Механический труд порожден спешкой и безрассудством цивилизации, которую с таким успехом насаждали средние классы нашей страны. По видимости, он враждебен цивилизации, он — проклятие, которое цивилизация породила на свою голову, и у нее уже нет возможности ни ликвидировать этот механический труд, ни ввести его в определенные рамки. Таким представляется теперь этот труд, но, поскольку он несет с собою перемены, перемены громадные, вполне может статься, что он несет с собой нечто большее, чем простой ущерб. Несомненно, он уничтожит искусство в нашем теперешнем его понимании, если только он сам не будет уничтожен искусством будущего. Но, кроме того, вероятно, этот труд уничтожит и то, что отравляет искусство. А кончит он самоубийством, расчистив пути для нового искусства, о формах которого мы ничего не знаем.
Осмысленный труд — это дитя борющейся, преисполненной надежды и передовой цивилизации. Назначение его — придать новый интерес простой и бедной событиями жизни, успокоить тревогу невинной радостью, вдохновляющей на полезные для человечества дела, подарить миллионам тружеников надежду, которая ежедневно возобновляется и не чревата разочарованиями.

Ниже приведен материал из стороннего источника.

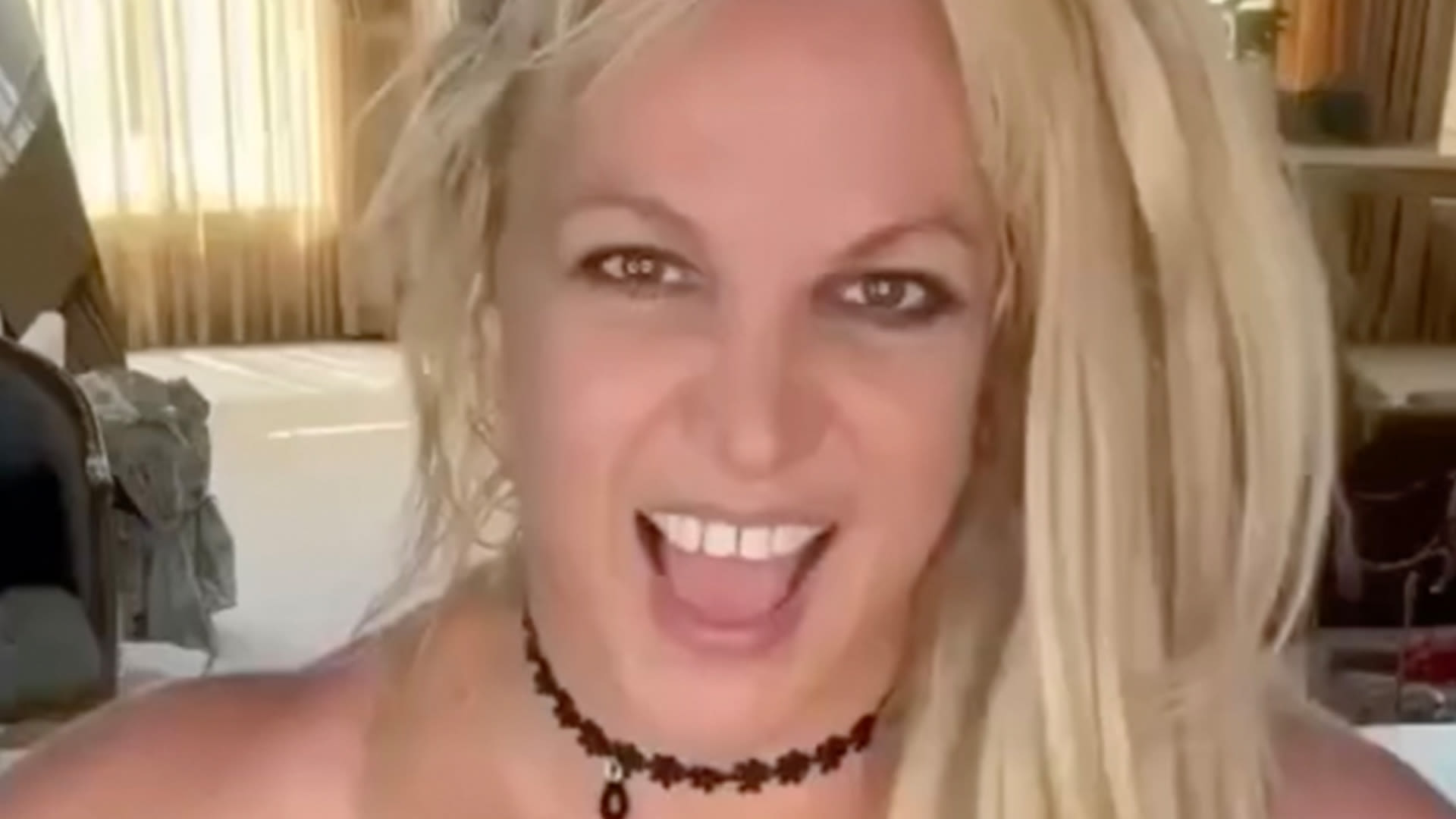 Britney Spears says it's 'good to be alive' as she rides horse in tiny bikini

Творческий труд — цветок торжествующей, многообещающей цивилизации. Он вызывает в людях стремление к совершенству. Любая претворенная им в жизнь надежда рождает новую. Самая сердцевина этого труда — это достоинство и смысл жизни, он побуждает к всеобщему пониманию, к преодолению страха и ненависти, — одним словом, это и символ, и таинство мужества мира.
Но теперь с этими тремя видами труда дело обстоит так: механический труд поглотил осмысленный и весь нижний слой творческого труда. Невообразимая, громадная масса несчастных тружеников противостоит теперь немногочисленному, но все еще сверкающему доспехами воинству избранников. Все, что осталось от искусства, сплачивается вместе в цитадели высшего интеллектуального искусства и отчаянно там защищается.

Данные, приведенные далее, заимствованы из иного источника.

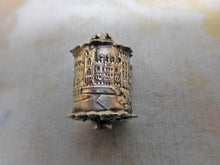 Laden Sie das Bild in den Galerie-Viewer, A silver tape measure depicting Windsor Castle. c1850.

На первый взгляд надежда этого искусства на победу очень смутна, и все же нам, ныне живущим, кажется, что человек не утратил еще всю ту часть своей души, которая жаждет красоты. Более того, мы не можем не надеяться, что искусство еще не умирает. Если нам не суждено обмануться в этой надежде, если искусство наших дней и в самом деле выйдет живым из того безысходного болота, которое мы называем XVIII веком, оно несомненно, развиваясь, наберет силу и обогатится новыми формами духовной жизни и надежды, которые теперь едва ли известны, а затем, каким бы изменениям ему ни пришлось подвергаться, оно в конце концов одержит победу и принесет человечеству непреходящую радость. Некоторые полагают, однако, что если оно будет лишь отражением и слабым отблеском той славной осени, которой завершился расцвет могучего средневекового искусства, то немного понадобится, чтобы убить его: механический труд уничтожит художественное ремесло, и искусство погибнет.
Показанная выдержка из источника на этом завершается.